The study analysed the stakeholder networks of the case studies and report the main network structures and aggregated the data to see which organisations are acting as power brokers, support agents, guardians and game changers. In all of the case studies, the RC organisations (either headquarters and/or chapters, districts or branches) had a position of a game changer, which was a very positive result. Identifying stakeholder networks and relationships increases the resilience of the ecosystem as it eases collaboration and cooperation among stakeholders in a complex system.

Successful and sustainable DP requires a very good understanding of the overall DM governance in a country. As discussed earlier, community-based DP/DRR cannot provide long-lasting and sustainable results if it is not embedded into a broader institutional DM framework. Likewise, institutional DM does not function if it is not able to mobilise local resources such as volunteer and NGOs.

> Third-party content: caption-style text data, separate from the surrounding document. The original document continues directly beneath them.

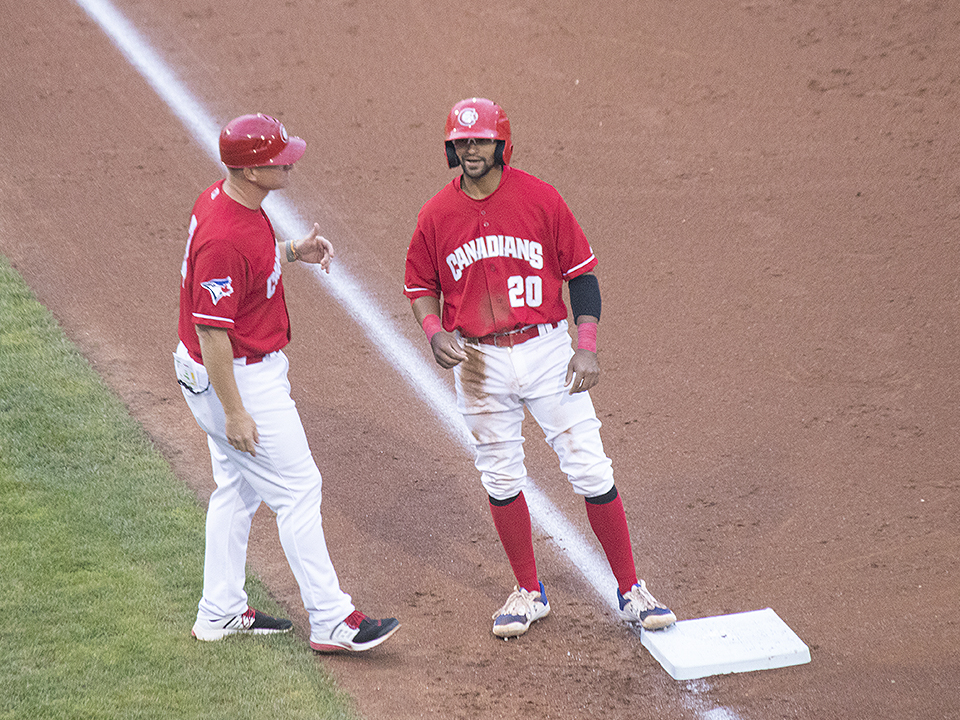 Vancouver Canadians Anthony Morales Brent Lavallee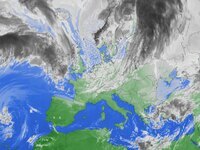 Colored Satellite Europe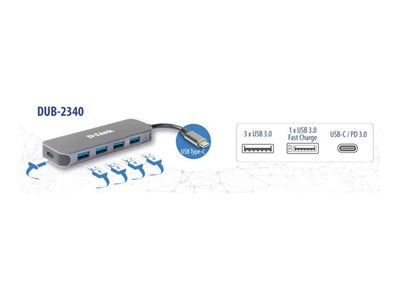 0790069468636 - Dlink - D-Link d-link Medienkonverter DUB-2340 DUB2340 (DUB-2340) (DUB2340) (DUB-2340)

The results of the study stated that sustainability and long-term resilience are the most critical areas of development in the DP/DRR programmes. Sustainability and resilience can be enhanced by fostering synergy at multiple levels. This includes strong participant and community engagement, strong coordination with several international NGOs and government agencies. The continuation of commitments and resource allocation are also critical measures of sustainability and resilience. Understanding the DP/DRR ecosystem as complex adaptive system and utilising the tools and methods presented in this chapter can help in better anticipating risks to create more resilience and better synergies.